Both of them are in terms of the transaction “age” of a table: That is, how long it has been since the table has been scanned completely for “old” tuples that can be marked as “frozen” (a “frozen” tuple is one that no open transaction can cause to disappear by a rollback). In short, the “oldest” a table can become in PostgreSQL is 2^31-1 transactions; if a table were ever to reach that, data loss would occur. PostgreSQL takes great pains to prevent you from eaching that point.

The “vacuum freeze” process is the process that scans the table and marks these tuples as frozen.

vacuum_freeze_table_age causes a regular autovacuum run to be an “autovacuum (to prevent xid wraparound)” run, that is, an (auto)vacuum freeze, if the age of the table is higher than vacuum_freeze_table_age.

autovacuum_freeze_max_age will cause PostgreSQL to start an “autovacuum (to prevent xid wraparound)” run even if it has no other reason to vacuum the table, should a table age exceed that setting.

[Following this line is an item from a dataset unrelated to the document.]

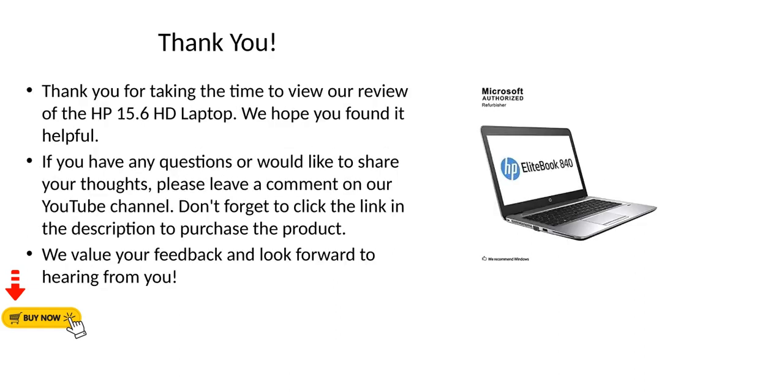Thank you for taking the time to view our review of the HP 15.6 HD Laptop. We hope you found it helpful. If you have any questions or would like to share your thoughts, please leave a comment on our YouTube channel. Don't forget to click the link in the description to purchase the product. We value your feedback and look forward to hearing from you.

By default, vacuum_freeze_table_age = 100000000 (one hundred million), and autovacuum_freeze_max_age = 200000000 (two hundred million).

Do not change them.

In the past, I made a recommendation I now deeply regret. Because, before 9.6, each autovacuum freeze run scanned the entire table, and (on its first pass) potentially rewrote the entire table, it could be very high I/O, and when it woke up suddenly, it could cause performance issues. I thus recommended two things:

  1. Increase autovacuum_freeze_max_age and vacuum_freeze_table_age, and,
  2. Do manual VACUUM FREEZE operations on the “oldest” tables during low-traffic periods.

Unfortunately, far too many installations adopted recommendation #1, but didn’t do #2. The result was that they cranked up autovacuum_freeze_max_age so high that by the time the mandatory autovacuum freeze operation began, they were so close to transaction XID wraparound point, they had no choice but to take the system offline and do the operation in single-user mode.

Thus, I am forever rescinding that advice. Especially now that 9.6 is incremental, the I/O penalty of an autovacuum freeze is greatly reduced, and the consequences of not doing it are severe.

Don’t increase those parameters. Let autovacuum freeze do its job. If you want to stay ahead of it, we have a script to do opportunistic freezing that might be helpful.